The European elections in Ireland saw Sinn Fein top the poll in Northern Ireland and pick up three seats in the Republic.
In the North, it is cementing its position as the leading party in the nationalist community, putting yet more distance between itself and the beleaguered SDLP which continued its downward trend in the polls.
The Ulster Unionist Party (UUP) also dipped below its 2009 European and 2011 Assembly totals, leaving the Democratic Unionist Party (DUP) as the largest unionist party, despite a strong showing for the hard-line Traditional Unionist Voice (TUV).
In the Republic of Ireland, Sinn Fein has been the main beneficiary of increasing anti-austerity sentiment, opportunistically positioning itself to the left despite its record of implementing cuts in the Assembly in Stormont.

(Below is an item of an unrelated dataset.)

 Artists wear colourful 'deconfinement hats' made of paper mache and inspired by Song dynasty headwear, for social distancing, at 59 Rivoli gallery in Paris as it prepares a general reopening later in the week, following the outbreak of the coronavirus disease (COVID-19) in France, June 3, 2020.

The election in the south was a disaster for the Irish Labour Party, as voters punished it for maintaining a coalition with the right-wing Fine Gael party. Labour lost 8.6% of its vote from the last European elections, losing its 3 MEPs and polling fewer than 7,000 ahead of the Green Party.
Labour’s deputy prime minister, Eamon Gilmore, has now resigned and will most probably be replaced by the party’s deputy leaders, Joan Burton.
On the left, sitting Socialist Party MEP Paul Murphy scored 8.5% ND lost his seat. This wasn’t helped by the SWP-backed People Before Profit (PBP), who stood against Murphy and picked up 6.8%.
The local elections were better for the far-left, where pacts delivered 14 seats each to PBP and the Socialist Party’s Anti-Austerity Alliance (AAA), and a slew of left-wing independents.